Mailbag: Candy and Coins
I’ve had many emails about my Candy and Coins post, and I’ve picked two of the most in-depth discussions to share here.
The first is from PP, who writes asking about the relationship between the “Candy and Coins” model and general social skills. He then asks what to do in the case of being in a bad mood.
The second is from Bliss, a good friend of mine in real life, who is the guy mentioned in the original post in the sentence starting, “So my friend is excellent with women…” This “guest post” is definitely worth a read!
Right at the end I discuss punishment via withdrawing coins, which I forgot to put in the original post.
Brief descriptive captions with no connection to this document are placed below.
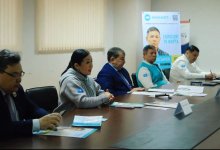 О предвыборной программе партии AMANAT рассказали жителям столицы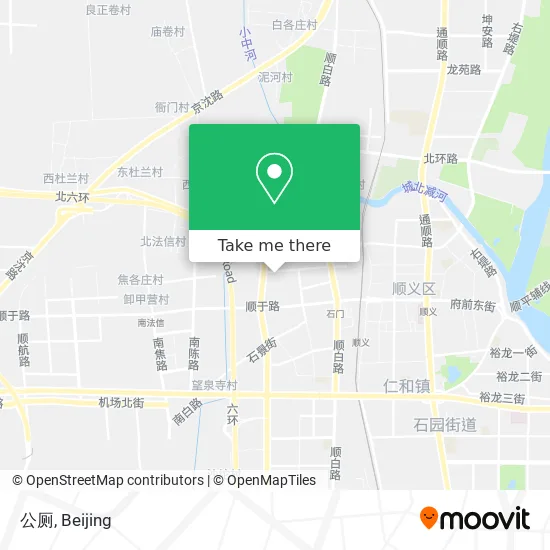 公厕 map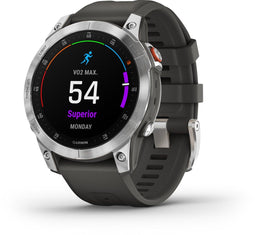Garmin epix (Gen 2) - Smartwatch - AMOLED 1,3" - Grijs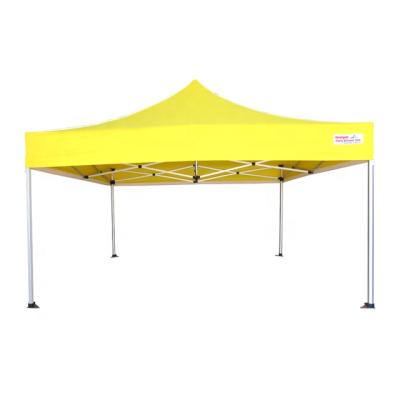 China Aluminum Gazebo 10x10 Trade Show Folding Canopy Tent Outdoor Aluminum for sale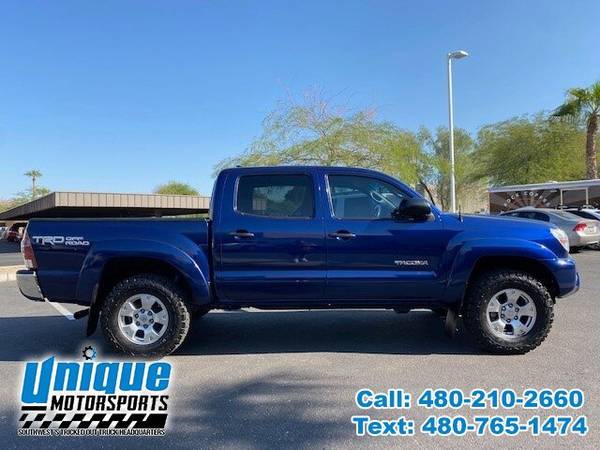 2014 TOYOTA TACOMA DOUBLE CAB TRUCK ~ FOUR WHEEL DRIVE ~ LOW MILES ~... for sale in Tempe, CA – photo 2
saw this post and realized that, in a way, I already apply something that resembles your model as a way of socializing. To describe it briefly, I simply try to give whatever response is appropriate to my social environment. If its a situation where I would be expected to give a polite greeting and move along I keep it brief. If it seems apparent that someone has something they want to talk about, I ask questions about it, and conversely I answer questions when people seem interested in me. when people appear in the mood to joke around, I act accordingly.
Yeah man, it’s an integral part of just “good social skills”. I would say most people have a grasp of it in some way, and apply it in this way.
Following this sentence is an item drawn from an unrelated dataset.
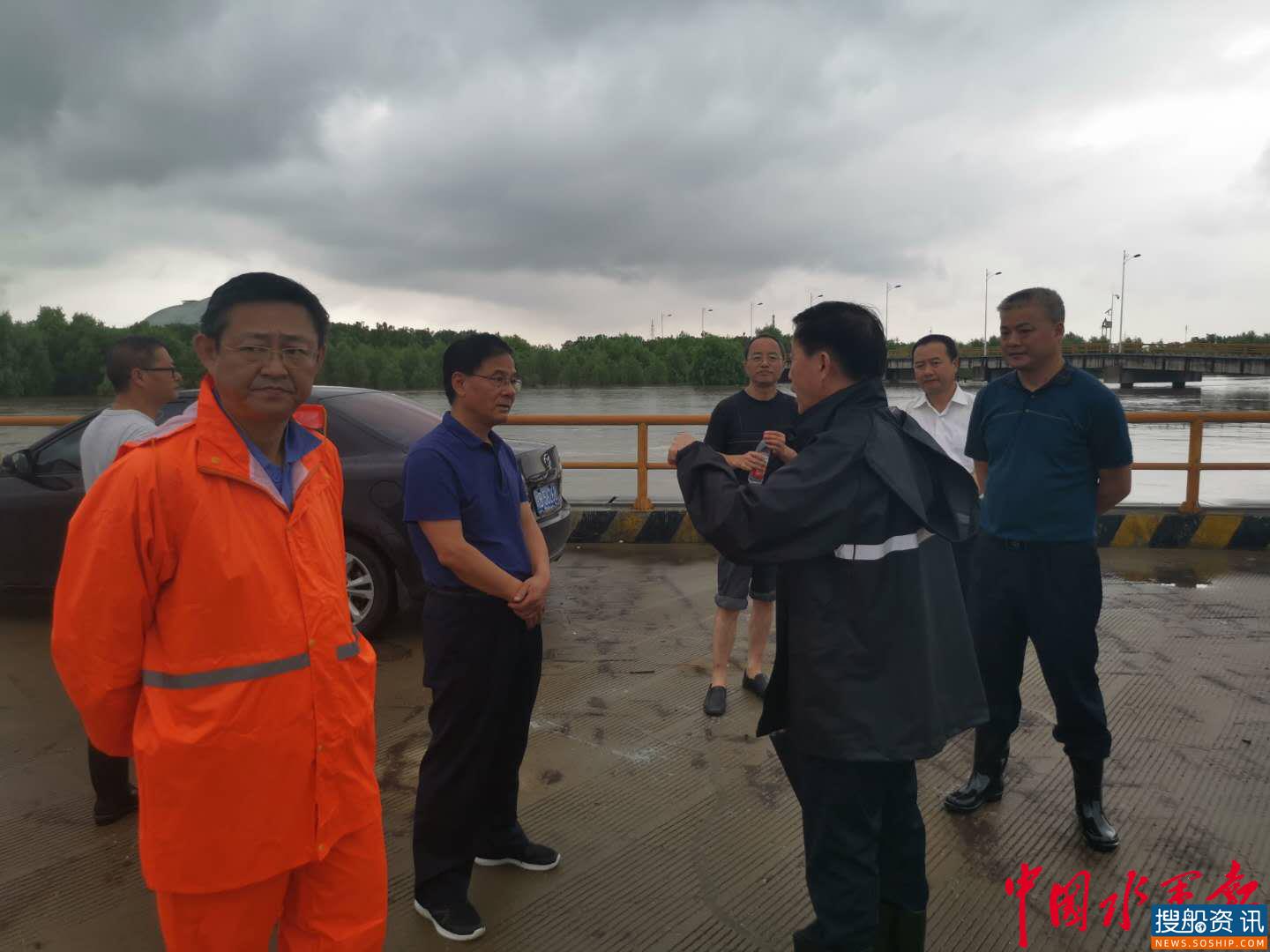 汛情就是命令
The model serves a few good purposes though.
Firstly, it spells it all out for those less socially able. There is a significant demographic finding my site who really struggle socially. This can come from one or a combination of the following things:
- Social anxiety. A key part of overcoming social anxiety, for me, was learning “what to do” — having a default plan — in as many situations as possible, so I no longer feared being on the back foot if or when they arose. The “Candy and Coins” model gets guys process-orientated and thinking about their part of the exchange, rather than freaking out about what might happen. It’s proactive instead of reactive.
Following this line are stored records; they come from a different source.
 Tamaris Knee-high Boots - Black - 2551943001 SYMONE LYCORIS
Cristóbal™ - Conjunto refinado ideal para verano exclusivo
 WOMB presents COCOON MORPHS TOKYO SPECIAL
- Being emotionally “out of sync” with the general population. For example, at school, when guys roughhoused, made fun of each other, or played practical jokes, I never understood that. When girls were mean-spirited little cuntbags, to each other, and to everyone, I never understood that. Of course, I now know they were just practising Circuit II so they could become the next generation of Homo sapiens non-contributors. (I like Koanic’s description of the introvert’s typical experience of early life, portrayed through the medium of My Little Pony: Friendship is Magic 🙂 ). Furthermore, remember how kids at school used to laugh at stuff the teacher said, all at the same time, like it was some big obvious in-joke? I never knew what the fuck they were laughing at. I saw a documentary the other day where they were filming inside a secondary school classroom where they had a guest speaker talking about something or other, and it reminded me of that because the kids were laughing at stuff and I still have no idea know what they were laughing at. This total miscomprehension continued into adult life, giving me the impression for the first 20+ years of my life that I was on some alien planet. At least with the “Candy and Coins” model, if you’re emotionally out of sync, you can figure out via experience and logic what other people want in typical situations and just give it to them without investing too much of yourself in any interaction.
- Being unemotional, emotionally closed-off, or lacking empathy. In any of these cases you may have trouble sensing the tone of a situation or responding intuitively. “Candy and Coins” means you can just copy the exchanges of people who are already successful, noticing which “coins” they give in what situation, and learning to mimic the emotional responses of the transaction.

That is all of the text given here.